Hints of Minnesota's mighty railroad history can be found near the industrial underbelly of downtown Minneapolis, just west of Target Field.

That's where an obscure mile-long stretch of rail corridor was thrust into the spotlight this fall, when landowner BNSF Railway required planners of the Southwest light-rail line to build a crash-protection wall separating freight and LRT trains.

But the Federal Transit Administration (FTA), which is expected to pay half of Southwest's $1.9 billion price tag, said the addition of a concrete wall — 10 feet high in places — would "adversely affect" a historic rail district.

A recent review by the Minnesota Department of Transportation (MnDOT) found the railroad district is eligible for listing on the National Register of Historic Places, a national nod to all things historic.

It takes a little imagination to conjure the history. The most telling sign that the Great Northern Railway once rumbled through the corridor, beyond the daily freight trains and Northstar Commuter rail traffic, are fragments of crumbling, aggregate walls dating back to the late 19th century.

The proposed Southwest line is expected to snake through the area by 2022, connecting Minneapolis and Eden Prairie. It was the LRT project that prompted MnDOT to recognize the workaday area's historic back story — one that may seem a bit abstract to the layperson.

"Historic? I guess so," said Bill Day, a Minneapolis resident who was biking on the Cedar Lake trail earlier this month. "There are some bridge abutments and retaining walls around here that look old-timey."

The crowded sliver of land also accommodates the popular Cedar Lake Regional bike trail and Linden Yards, a city-run recycling patch replete with piles of gravel, asphalt chunks and the leafy gunk that street sweepers collect.

Gateway to the West

Great Northern, the nation's fifth transcontinental railroad, stretched from St. Paul to Seattle in the 1890s. The line was built by James J. Hill, the St. Paul rail magnate known as the Empire Builder.

According to MnDOT, it's a legacy "of undisputed importance in the development of the railroad industry and the state of Minnesota."

As MnDOT historian Greg Mathis explained it, the rail corridor's importance rests not in historic structures or buildings but in its formidable story.

"This was your gateway to the West," Mathis said.

But although the area is eligible to be listed on the National Register, there aren't any plans to nominate it. Some of the retaining walls and earthen embankments that hint of Hill's heyday would need to make way so the crash wall can fit into the corridor.

Examples of local sites on the National Register include Fort Snelling, the Pillsbury A Mill and Hill's Summit Avenue mansion in St. Paul.

'Far on the fringes'

Probably the last time the rail corridor drew public attention was in 2010, when the city granted Minneapolis developer Ryan Cos. exclusive development rights to Linden Yards — called "the banana" by some planners and scribes because of its shape.

At the time, Ryan envisioned a mixed-use development with offices and housing near Van White Memorial Boulevard, with the proposed Bassett Creek Valley LRT station as an important draw.
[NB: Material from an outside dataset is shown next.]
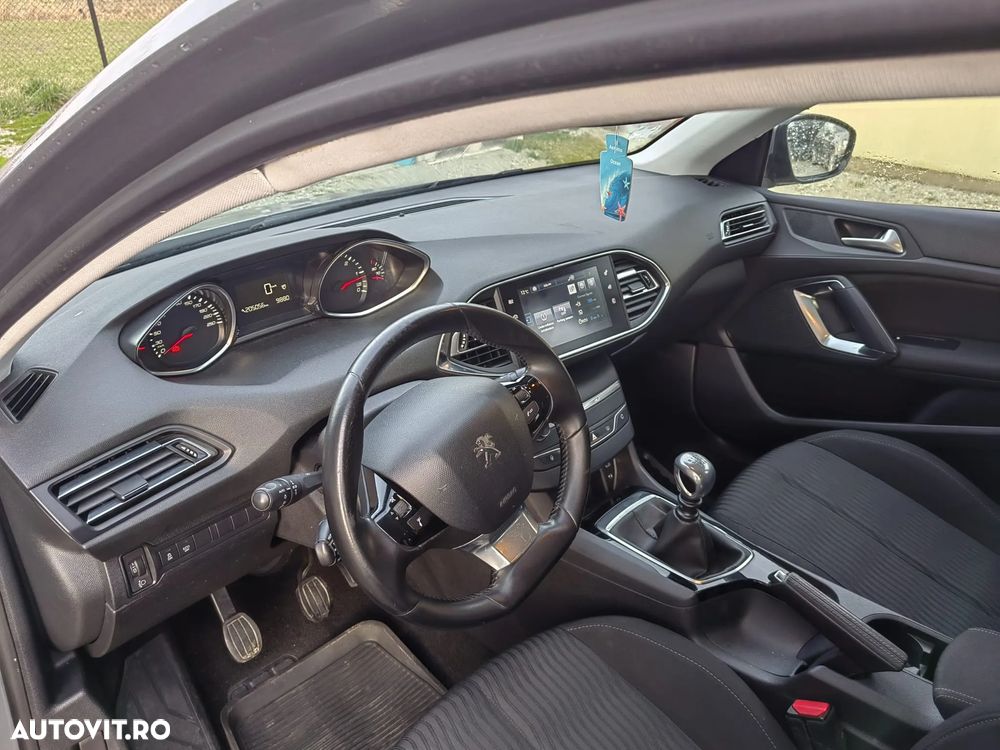 Peugeot 308 1.6 BlueHDi FAP STT Access - 9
But development rights expired in 2015, due largely to delays in the Southwest project.

Tony Barranco, Ryan's vice president of real estate development, said that talks continue with the city about the site but acknowledged that it would take some "creativity" to develop it.
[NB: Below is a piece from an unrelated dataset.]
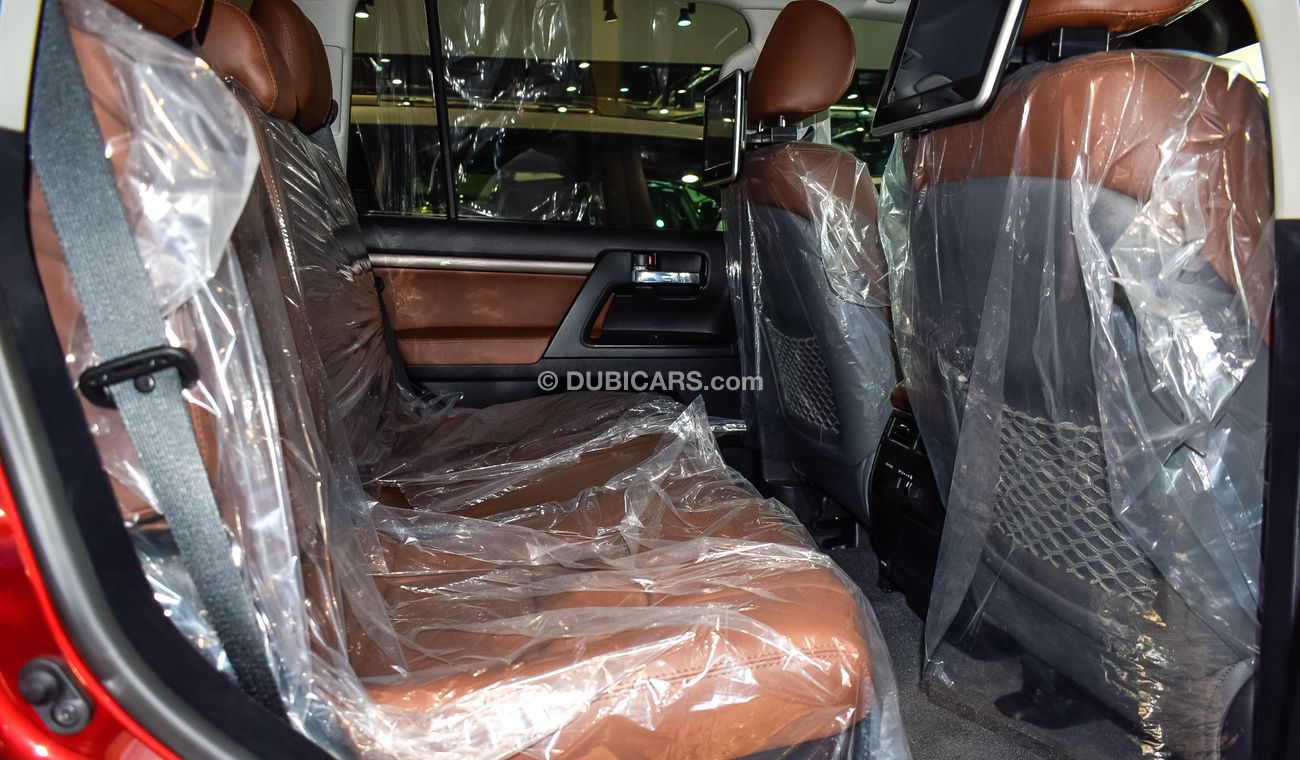 Toyota Land Cruiser GX.R V8 XTREME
"It's an intriguing site, but not knowing when the rail will come through, it's too far on the fringes right now," he said.

Barranco said he had no idea the site had historic value, and it's easy to see why. Beyond concrete and asphalt recycling, the city stores its manhole covers, sewer pipes, streetlights and signal poles there. Roadside detritus left around the city, such as tires and "sewer material," is kept there, too.

Only part of the Linden Yards property is technically located in the historic corridor, once home to both the St. Paul, Minneapolis & Manitoba (later the Great Northern and BNSF) and the Minneapolis & St. Louis railways.

To build a new crash wall, Southwest's planners and MnDOT will need to develop a mitigation plan, which may call for "interpretive panels" throughout the historic corridors.

It's unclear how much the plan would cost and how long it would take to craft.

Day said that while biking through the area he occasionally thinks of his great uncle, who lived on nearby Linden Avenue in the early 1900s.

"I try to imagine what he saw, what it looked like back then," he said, as a nearby street-sweeping truck roared by, looking to lighten its load.